▶ What you are asked to do
Output every line below as it stands, dropping only the images.

▶ Given material
Content starts
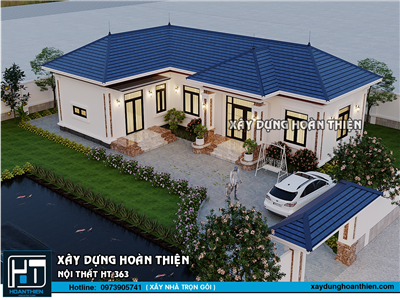 Biệt thự vườn  mái nhật 1 tầng hiện đại  tại Vĩnh Bảo Hải Phòng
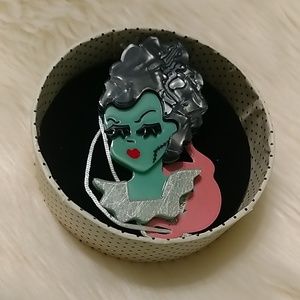 Erstwilder A Girl Named Elsa Resin Brooch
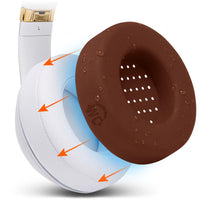 WC SweatZ Protective Headphone Earpad Cover | Brown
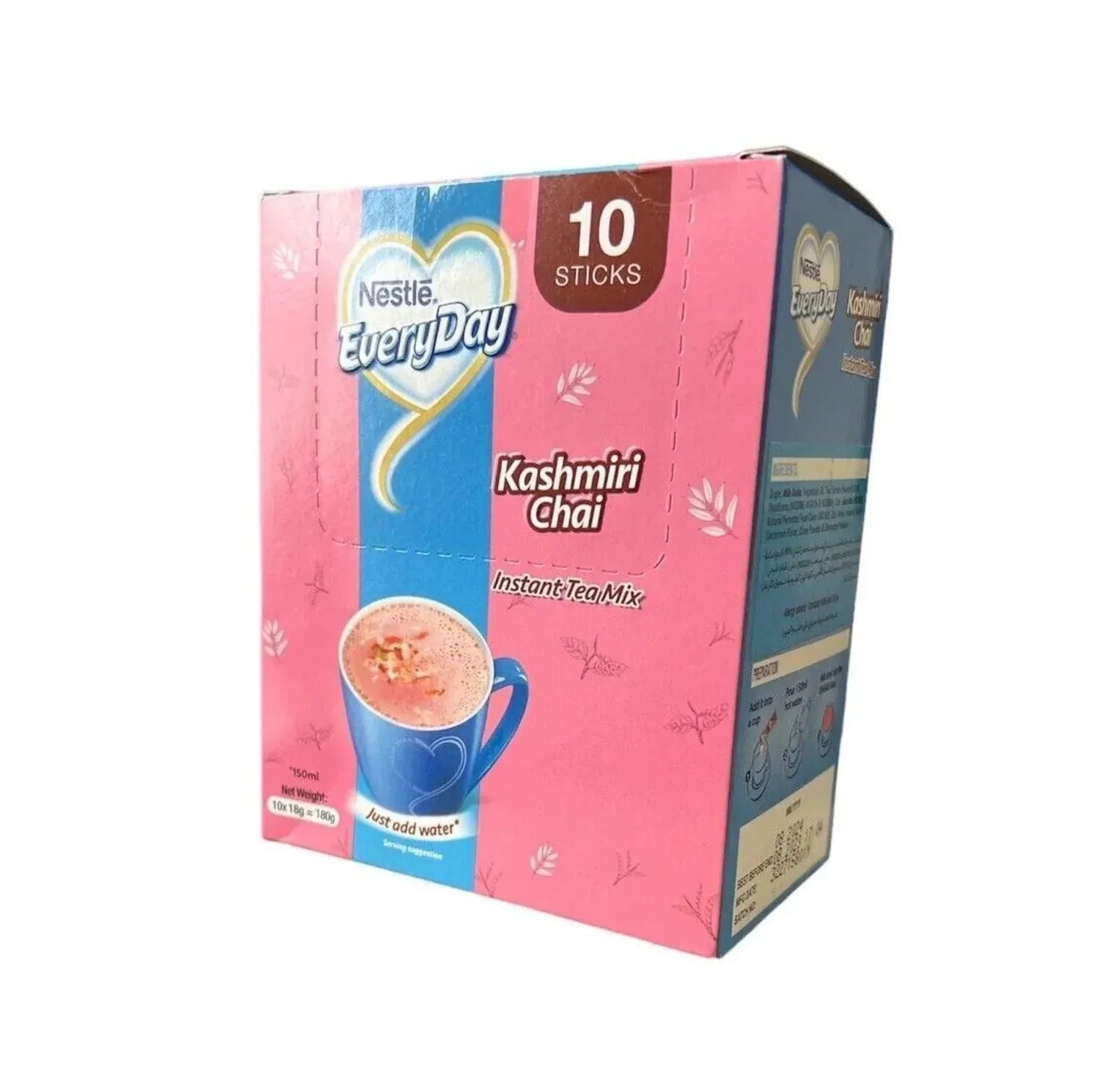 NESTLE EVERYDAY INSTANT KASHMIRI CHAI 10X18g - Kashmir Watan Foodstores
Content ends
▶ Task result
 Biệt thự vườn  mái nhật 1 tầng hiện đại  tại Vĩnh Bảo Hải Phòng
 Erstwilder A Girl Named Elsa Resin Brooch
 WC SweatZ Protective Headphone Earpad Cover | Brown
 NESTLE EVERYDAY INSTANT KASHMIRI CHAI 10X18g - Kashmir Watan Foodstores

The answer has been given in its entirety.